Entries provided:
^^^^^^^^^^^^^^^^
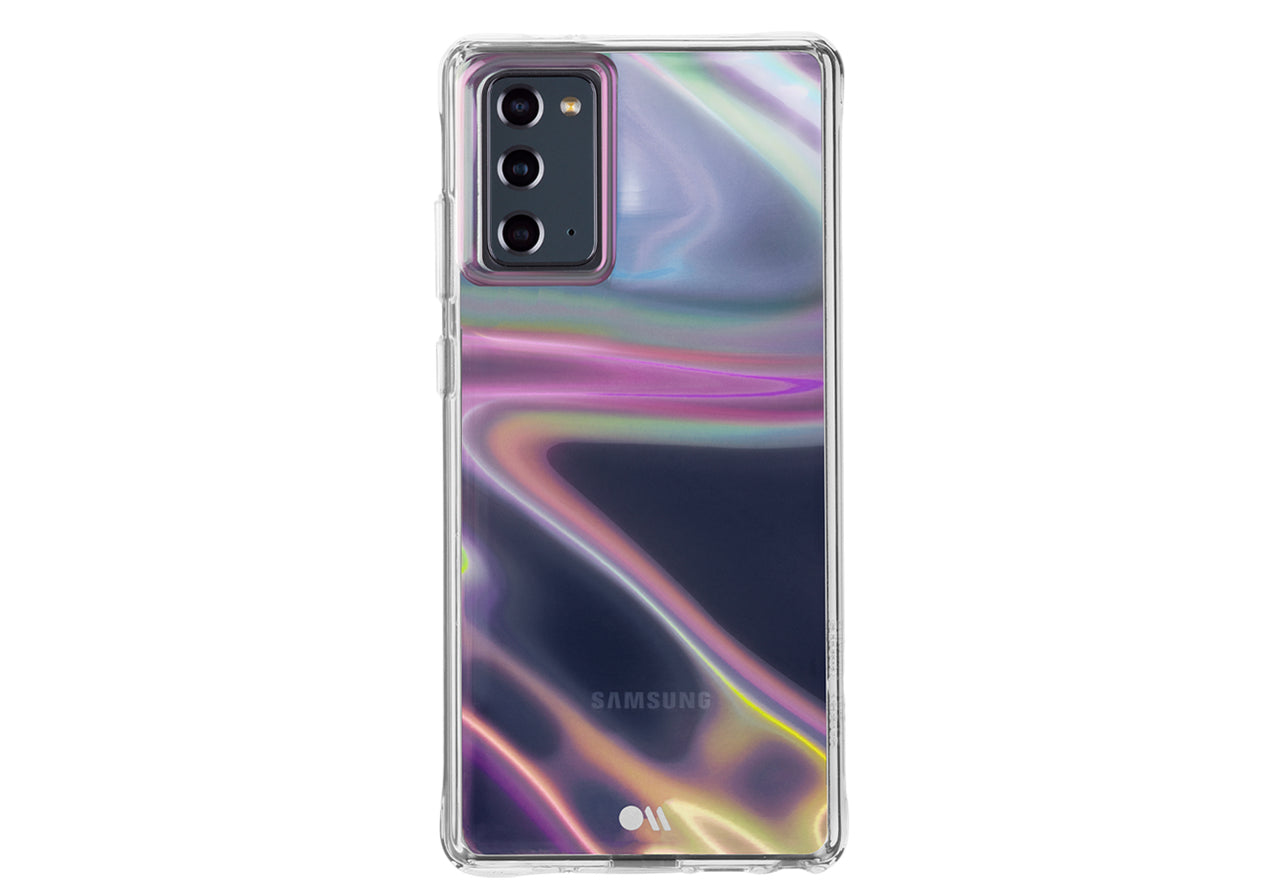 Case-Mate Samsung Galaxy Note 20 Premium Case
^^^^^^^^^^^^^^^^
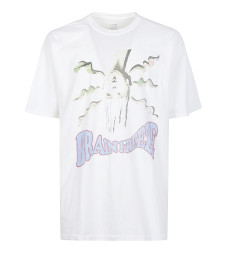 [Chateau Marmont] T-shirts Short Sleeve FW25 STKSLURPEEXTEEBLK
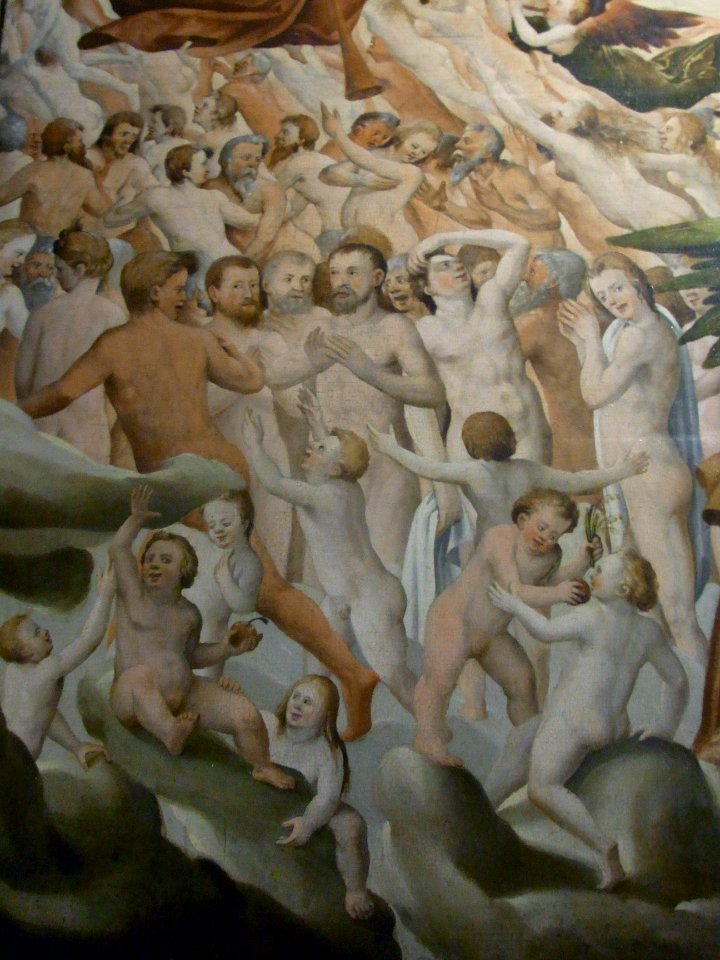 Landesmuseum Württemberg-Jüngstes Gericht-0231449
^^^^^^^^^^^^^^^^
Work instruction:
Print from the line containing "[Chateau Marmont] T-shirts" through the line containing "Landesmuseum Württemberg-Jüngstes Gericht-0231449" in the data above, exactly as the lines stand, and omit every picture.

Result for this exercise:
 [Chateau Marmont] T-shirts Short Sleeve FW25 STKSLURPEEXTEEBLK
 Landesmuseum Württemberg-Jüngstes Gericht-0231449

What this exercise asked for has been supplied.